In alcuni casi il volersi russi o ucriani non dipende né dalla lingua né dalla cultura, ma da una scelta di campo.
Giacomo, un compagno che fa giornalismo free lance in aree di guerra, ha trovato ospitalità da due giovani ucraini di famiglia e lingua russa, che temono l’autoritarismo putiniano più dei fascisti di Pravi Sector.
Dalla sua testimonianza emerge una realtà più composita e difficile da decodificare di quella presentata dai media main stream italiani.
Ascolta la diretta con Giacomo realizzata dall’info di Blackout
Sullo stesso argomento vale la pena riportare gli stralci più significativi di un articolo di Matteo Tacconi sul Manifesto del 25 giugno:
“Chi sono i ribelli dell’est ucraino? Per Kiev sono terroristi secessionisti manovrati da Mosca, per i media russi forze di autodifesa che resistono ai golpisti della Majdan. Definizioni schematiche di un universo ben più articolato. In linea con lo scenario ucraino nel suo complesso.
La destra dell’est
In attesa di capire se il piano di pace di Poroshenko non è un foglio di carta, si può partire da destra. L’insurrezione a Donetsk, come nella vicina Lugansk, registra la presenza di personaggi riconducibili all’estremismo russo e russo-ucraino.

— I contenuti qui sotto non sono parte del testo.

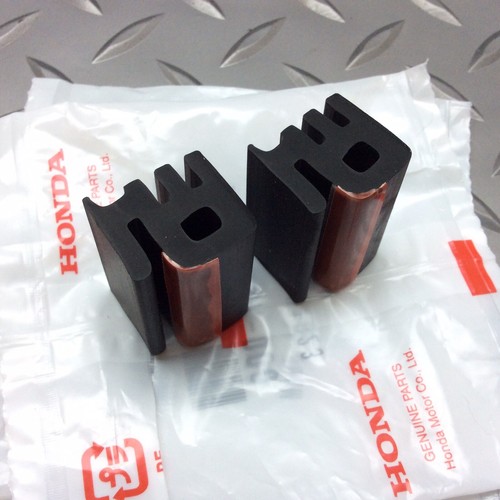 Honda VFR400 NC30 / RVF400 NC35 / Fuel Tank / Side Rubber Mounts / Pair x2 - Picture 2 of 4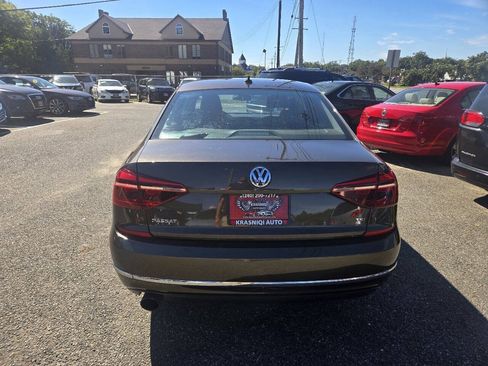 Used 2019 Volkswagen Passat 2.0T Wolfsburg FWD image 8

Uno è Pavel Gubarev. Trentunenne, imprenditore, ha una storia di militanza in Unità nazionale russa, formazione con venature xenofobe. È stato lui, a marzo, in concomitanza con lo scoppio della crisi di Crimea, a guidare la presa dei palazzi, fregiandosi poi della carica di governatore della Repubblica di Donetsk. Arrestato, è stato rilasciato a maggio. In quei giorni sono state attive altre sigle radicali, tra cui l’Unione eurasiatica della gioventù, braccio giovanile di Eurasia, movimento presieduto dall’accademico russo Aleksandr Dugin, uomo dal provato pensiero radicale.
Da poco ha invitato a parlare alla Lomonosov, l’università moscovita dove insegna, Gabor Vona. È il numero uno di Jobbik, la destra ungherese più becera. Sempre a proposito di destre internazionali s’è venuto a sapere che i polacchi di Falanga e gli italiani di Millennium hanno inviato loro rappresentanti a Donetsk. Il che rivela che la famiglia nera europea s’è schierata dall’una e dall’altra parte della barricata ucraina. Non soltanto a Kiev, con Pravyi Sektor e le altre bande della Majdan. Nell’est ucraino un’altra personalità che si colloca a destra è Alexander Borodai, un russo, il capo del governo della Repubblica di Donetsk. A Mosca Borodai ha la fama di uno dei più noti interpreti dell’ultranazionalismo e commenta spesso sulla rivista Zavtra, cassa di risonanza di questi ambienti, che ha recentemente pubblicato una sorta di manifesto della Nuova Russia.
È il nome di quella che dovrebbe essere un’entità statuale composta dalle aree di Donetsk e Lugansk, possibilmente allargata alla Transnistria e a Odessa. Il discorso sulla Nuova Russia allarga il campo dell’analisi, svincolandola dal solo tema, limitante, della collocazione politica. In ballo ci sono sentimenti, persone in carne e ossa. Alcune delle quali percepiscono il rapporto tra Ucraina e Russia come una cosa intima. Ci si arruola nelle milizie filorusse anche in nome di quest’idea, che trova ampi riscontri nella storia, nella cultura e nella letteratura. Sulla Majdan è accaduta grosso modo la stessa cosa.
La rivolta ha avuto una sua importante pulsione storica e culturale, identificabile nel pensiero nazionale-nazionalista ucraino, forgiato nell’ovest del paese e proteso a separare la vicenda biografica ucraina da quella russa.
Nell’insurrezione dell’est influiscono, restando sul piano della storia, anche i retaggi della seconda guerra mondiale. In questo senso la Maidan e la sua componente ultranazionalista ha assunto il sapore di una replica a scoppio ritardato delle attività dispiegate nell’Ucraina occidentale dai miliziani di Stepan Bandera, fautori di uno stato ucraino etnico. Contrassero un’alleanza tattica con Hitler in funzione antisovietica e antipolacca. Oggi la figura di Bandera spacca il paese. I circoli nazionalisti lo elevano al rango di eroe. L’est, sensibile alla Russia e alla tradizione della grande guerra patriottica, lo bolla come un nazista.”